Tout cela se trouve noté dans une observation écrite qui m’a été fournie par M. C…, professeur de l’Université ; il a rédigé ces observations avec beaucoup de conscience, et peut-être aussi, comme on le verra en lisant entre les lignes, avec le désir de traiter la question dans son ensemble. Les observations ont été faites pendant une lecture de la Dame de Monsoreau, roman de Dumas père ; les numéros de page indiqués se rapportent à l’édition de Calmann-Lévy, vol. 1.

« Pendant le cours rapide d’une première lecture et quand je parcours sans m’arrêter des pages entières, le caractère le plus fréquent de mes images mentales visuelles est de m’apparaître d’une manière fragmentaire, de ne me présenter les objets que par parties.

« La description suivante : « Une foule de gentilshommes de service montés sur de bons chevaux et enveloppés de manteaux fourrés » (p. 83) éveille chez moi la silhouette incomplète d’un cavalier, le torse d’un homme, sa tête, et le dos de la monture.

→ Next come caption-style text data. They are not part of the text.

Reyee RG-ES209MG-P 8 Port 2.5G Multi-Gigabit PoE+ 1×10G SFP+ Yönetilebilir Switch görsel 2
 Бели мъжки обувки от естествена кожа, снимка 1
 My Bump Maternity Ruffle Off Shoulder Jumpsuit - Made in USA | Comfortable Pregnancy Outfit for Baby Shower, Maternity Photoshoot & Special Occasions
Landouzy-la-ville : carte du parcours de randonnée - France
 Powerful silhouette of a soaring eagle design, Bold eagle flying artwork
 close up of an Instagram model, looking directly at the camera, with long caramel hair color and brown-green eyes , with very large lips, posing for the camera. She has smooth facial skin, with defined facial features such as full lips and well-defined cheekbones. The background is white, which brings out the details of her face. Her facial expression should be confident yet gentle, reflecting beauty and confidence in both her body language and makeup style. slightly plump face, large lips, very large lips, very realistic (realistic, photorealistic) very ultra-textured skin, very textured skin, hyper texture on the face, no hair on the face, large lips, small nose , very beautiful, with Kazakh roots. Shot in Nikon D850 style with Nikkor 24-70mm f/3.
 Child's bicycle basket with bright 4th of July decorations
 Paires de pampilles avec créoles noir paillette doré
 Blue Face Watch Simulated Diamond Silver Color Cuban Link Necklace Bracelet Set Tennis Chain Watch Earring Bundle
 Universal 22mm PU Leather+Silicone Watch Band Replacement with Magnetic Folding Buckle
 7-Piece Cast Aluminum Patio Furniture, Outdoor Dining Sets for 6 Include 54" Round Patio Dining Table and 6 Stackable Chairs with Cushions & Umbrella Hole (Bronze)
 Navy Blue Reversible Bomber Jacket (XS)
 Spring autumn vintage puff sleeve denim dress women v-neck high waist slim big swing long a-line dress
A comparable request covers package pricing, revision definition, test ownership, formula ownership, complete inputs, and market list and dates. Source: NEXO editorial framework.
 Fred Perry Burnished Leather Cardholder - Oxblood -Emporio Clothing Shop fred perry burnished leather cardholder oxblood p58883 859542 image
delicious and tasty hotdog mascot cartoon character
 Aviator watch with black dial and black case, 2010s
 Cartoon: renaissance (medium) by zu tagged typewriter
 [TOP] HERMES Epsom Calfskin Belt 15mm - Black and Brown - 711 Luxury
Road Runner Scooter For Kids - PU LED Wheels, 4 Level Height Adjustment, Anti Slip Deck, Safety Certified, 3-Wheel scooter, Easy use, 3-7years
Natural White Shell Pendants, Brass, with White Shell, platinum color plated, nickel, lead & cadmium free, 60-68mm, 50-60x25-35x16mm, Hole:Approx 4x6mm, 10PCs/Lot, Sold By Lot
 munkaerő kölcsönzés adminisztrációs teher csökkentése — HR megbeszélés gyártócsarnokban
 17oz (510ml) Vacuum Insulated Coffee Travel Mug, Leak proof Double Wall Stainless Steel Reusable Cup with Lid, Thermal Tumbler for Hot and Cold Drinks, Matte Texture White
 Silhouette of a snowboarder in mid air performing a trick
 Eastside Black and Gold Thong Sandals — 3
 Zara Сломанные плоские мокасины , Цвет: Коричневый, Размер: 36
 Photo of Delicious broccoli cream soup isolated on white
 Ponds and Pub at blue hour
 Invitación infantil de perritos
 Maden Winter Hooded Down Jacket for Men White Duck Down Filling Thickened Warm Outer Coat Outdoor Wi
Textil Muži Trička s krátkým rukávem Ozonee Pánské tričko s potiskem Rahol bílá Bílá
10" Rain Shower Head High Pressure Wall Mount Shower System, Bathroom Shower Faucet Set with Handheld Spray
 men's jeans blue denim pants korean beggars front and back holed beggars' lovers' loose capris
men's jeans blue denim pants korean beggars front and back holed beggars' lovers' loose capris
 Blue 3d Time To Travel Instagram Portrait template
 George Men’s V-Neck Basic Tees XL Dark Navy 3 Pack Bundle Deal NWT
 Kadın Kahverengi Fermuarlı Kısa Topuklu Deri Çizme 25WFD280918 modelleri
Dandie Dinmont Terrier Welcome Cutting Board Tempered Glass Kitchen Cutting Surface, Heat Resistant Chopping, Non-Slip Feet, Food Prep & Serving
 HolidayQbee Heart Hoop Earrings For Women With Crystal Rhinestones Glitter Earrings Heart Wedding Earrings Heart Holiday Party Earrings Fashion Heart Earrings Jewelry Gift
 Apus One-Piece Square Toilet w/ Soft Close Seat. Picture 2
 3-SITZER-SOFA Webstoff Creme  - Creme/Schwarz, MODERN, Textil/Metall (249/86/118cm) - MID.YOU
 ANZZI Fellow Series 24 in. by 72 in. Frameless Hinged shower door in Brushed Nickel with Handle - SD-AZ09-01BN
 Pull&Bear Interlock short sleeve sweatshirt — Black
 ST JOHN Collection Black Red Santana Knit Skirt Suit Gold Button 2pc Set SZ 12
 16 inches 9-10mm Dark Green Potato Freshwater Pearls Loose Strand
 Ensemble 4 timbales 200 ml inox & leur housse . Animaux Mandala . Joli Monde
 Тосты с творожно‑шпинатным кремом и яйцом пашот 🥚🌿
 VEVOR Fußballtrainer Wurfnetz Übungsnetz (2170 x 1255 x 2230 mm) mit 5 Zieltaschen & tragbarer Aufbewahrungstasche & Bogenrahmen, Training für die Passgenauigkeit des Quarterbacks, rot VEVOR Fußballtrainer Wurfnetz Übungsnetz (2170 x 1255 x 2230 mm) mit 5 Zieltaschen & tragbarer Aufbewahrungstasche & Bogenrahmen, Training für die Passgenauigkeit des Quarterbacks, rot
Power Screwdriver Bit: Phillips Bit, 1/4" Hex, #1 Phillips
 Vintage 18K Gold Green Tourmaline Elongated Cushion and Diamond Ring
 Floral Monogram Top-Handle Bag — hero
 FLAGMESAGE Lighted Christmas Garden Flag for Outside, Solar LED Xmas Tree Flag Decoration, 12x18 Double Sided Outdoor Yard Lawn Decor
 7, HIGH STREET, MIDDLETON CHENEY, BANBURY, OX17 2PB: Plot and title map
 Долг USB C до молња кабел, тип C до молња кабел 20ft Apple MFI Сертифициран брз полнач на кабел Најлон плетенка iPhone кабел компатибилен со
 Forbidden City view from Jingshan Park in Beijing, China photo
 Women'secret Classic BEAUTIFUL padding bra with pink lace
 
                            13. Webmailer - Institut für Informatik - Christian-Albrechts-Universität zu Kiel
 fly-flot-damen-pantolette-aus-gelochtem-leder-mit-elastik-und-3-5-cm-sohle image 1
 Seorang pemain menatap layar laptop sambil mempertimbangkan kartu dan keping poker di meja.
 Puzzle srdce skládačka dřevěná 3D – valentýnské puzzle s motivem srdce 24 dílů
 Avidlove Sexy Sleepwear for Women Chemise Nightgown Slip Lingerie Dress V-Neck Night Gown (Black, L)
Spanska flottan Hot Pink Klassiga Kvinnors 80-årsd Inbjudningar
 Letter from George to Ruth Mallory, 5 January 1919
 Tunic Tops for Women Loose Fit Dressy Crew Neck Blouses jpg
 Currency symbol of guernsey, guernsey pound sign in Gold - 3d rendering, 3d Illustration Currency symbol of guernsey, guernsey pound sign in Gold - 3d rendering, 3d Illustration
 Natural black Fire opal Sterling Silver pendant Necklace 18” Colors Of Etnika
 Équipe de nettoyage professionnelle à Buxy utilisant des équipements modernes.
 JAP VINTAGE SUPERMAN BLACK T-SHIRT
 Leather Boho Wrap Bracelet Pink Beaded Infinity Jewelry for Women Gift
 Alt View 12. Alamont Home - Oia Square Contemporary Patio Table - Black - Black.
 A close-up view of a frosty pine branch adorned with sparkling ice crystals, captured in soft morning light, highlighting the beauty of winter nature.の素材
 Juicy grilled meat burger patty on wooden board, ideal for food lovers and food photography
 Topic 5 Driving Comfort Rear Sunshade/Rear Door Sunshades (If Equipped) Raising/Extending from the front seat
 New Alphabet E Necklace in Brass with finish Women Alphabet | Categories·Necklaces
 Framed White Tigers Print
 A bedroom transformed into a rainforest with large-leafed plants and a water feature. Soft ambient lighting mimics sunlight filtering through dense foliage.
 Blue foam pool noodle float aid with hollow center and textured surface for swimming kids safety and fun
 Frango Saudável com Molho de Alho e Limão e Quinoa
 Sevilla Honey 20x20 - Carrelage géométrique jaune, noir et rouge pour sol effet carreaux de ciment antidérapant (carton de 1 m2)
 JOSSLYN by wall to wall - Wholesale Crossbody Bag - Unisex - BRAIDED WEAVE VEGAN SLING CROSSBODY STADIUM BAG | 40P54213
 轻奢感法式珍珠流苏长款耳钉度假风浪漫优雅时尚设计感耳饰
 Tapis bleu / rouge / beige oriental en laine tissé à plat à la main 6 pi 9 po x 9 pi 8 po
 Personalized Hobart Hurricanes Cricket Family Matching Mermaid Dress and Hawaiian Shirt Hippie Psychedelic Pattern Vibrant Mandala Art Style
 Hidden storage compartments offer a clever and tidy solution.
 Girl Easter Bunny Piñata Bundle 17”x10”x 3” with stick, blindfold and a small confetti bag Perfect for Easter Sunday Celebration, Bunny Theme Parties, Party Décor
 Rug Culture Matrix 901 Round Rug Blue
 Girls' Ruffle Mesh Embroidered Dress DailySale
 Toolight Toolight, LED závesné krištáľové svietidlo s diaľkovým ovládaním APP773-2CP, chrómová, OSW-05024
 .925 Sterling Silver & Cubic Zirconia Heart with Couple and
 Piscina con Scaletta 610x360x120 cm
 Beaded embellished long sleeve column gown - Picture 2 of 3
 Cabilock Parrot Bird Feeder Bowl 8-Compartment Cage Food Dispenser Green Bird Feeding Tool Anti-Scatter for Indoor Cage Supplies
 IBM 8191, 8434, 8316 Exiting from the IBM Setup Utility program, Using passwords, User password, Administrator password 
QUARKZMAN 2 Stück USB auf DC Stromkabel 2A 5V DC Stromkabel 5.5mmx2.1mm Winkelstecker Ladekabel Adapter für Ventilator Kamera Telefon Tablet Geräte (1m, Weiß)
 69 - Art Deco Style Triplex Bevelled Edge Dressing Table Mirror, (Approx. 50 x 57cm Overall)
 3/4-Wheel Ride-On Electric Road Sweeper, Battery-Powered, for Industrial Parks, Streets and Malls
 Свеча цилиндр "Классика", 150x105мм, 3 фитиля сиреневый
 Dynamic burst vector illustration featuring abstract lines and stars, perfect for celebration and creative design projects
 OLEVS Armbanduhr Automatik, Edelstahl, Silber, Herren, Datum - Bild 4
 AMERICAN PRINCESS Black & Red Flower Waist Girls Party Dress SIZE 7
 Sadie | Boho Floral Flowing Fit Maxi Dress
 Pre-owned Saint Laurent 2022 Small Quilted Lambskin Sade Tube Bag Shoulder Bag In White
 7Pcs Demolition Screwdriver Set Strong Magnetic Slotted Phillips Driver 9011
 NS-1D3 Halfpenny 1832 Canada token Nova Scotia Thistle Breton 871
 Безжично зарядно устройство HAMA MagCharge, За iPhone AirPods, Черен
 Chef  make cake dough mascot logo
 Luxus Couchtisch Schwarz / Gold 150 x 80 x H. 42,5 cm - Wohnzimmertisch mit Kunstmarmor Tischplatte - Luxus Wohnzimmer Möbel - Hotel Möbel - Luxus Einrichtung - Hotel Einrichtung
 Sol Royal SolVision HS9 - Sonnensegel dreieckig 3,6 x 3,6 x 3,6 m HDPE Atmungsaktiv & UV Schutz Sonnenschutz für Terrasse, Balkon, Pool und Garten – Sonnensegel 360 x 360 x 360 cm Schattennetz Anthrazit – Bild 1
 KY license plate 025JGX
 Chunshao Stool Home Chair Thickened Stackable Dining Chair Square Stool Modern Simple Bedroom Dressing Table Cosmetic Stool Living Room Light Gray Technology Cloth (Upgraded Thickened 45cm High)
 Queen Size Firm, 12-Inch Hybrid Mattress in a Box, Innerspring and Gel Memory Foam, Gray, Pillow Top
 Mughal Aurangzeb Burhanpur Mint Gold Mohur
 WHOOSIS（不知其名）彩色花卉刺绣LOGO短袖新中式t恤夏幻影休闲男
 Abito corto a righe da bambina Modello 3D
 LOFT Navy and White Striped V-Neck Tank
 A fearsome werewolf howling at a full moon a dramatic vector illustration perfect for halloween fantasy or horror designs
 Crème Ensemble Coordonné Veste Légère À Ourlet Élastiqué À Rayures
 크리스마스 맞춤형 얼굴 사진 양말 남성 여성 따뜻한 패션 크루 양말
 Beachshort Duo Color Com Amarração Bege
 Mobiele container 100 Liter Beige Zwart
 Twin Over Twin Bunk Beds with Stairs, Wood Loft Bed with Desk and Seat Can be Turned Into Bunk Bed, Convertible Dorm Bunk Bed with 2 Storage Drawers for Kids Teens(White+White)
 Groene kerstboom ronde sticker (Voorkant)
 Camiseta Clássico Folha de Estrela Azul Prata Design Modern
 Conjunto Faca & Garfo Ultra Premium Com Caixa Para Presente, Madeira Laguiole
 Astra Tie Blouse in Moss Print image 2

« Ces quatre mots : « une compagnie de Suisses » fera surgir l’image d’une tête casquée, d’une armure couvrant les épaules et un torse et d’une hallebarde portée sur l’épaule gauche (p. 183).

« En lisant cette phrase : « Je me rappelle avoir couru sur une pelouse » (p.226. C’est Mme de Saint-Luc qui parle), je vois mentalement un tapis de gazon vert, le bas d’une robe de teinte rose, laissant passer l’extrémité d’un pied.

« Autre exemple : « Quélus et Maugiron tressaient des rubans » (p. 185). Je n’ai vu ni les mains des mignons, ni leurs bras, ni leurs physionomies. Tout au plus, ai-je eu la représentation d’un corps indistinct dans l’obscurité. Mais j’ai vu distinctement une tresse de rubans mauves, comme tendue et suspendue dans l’air.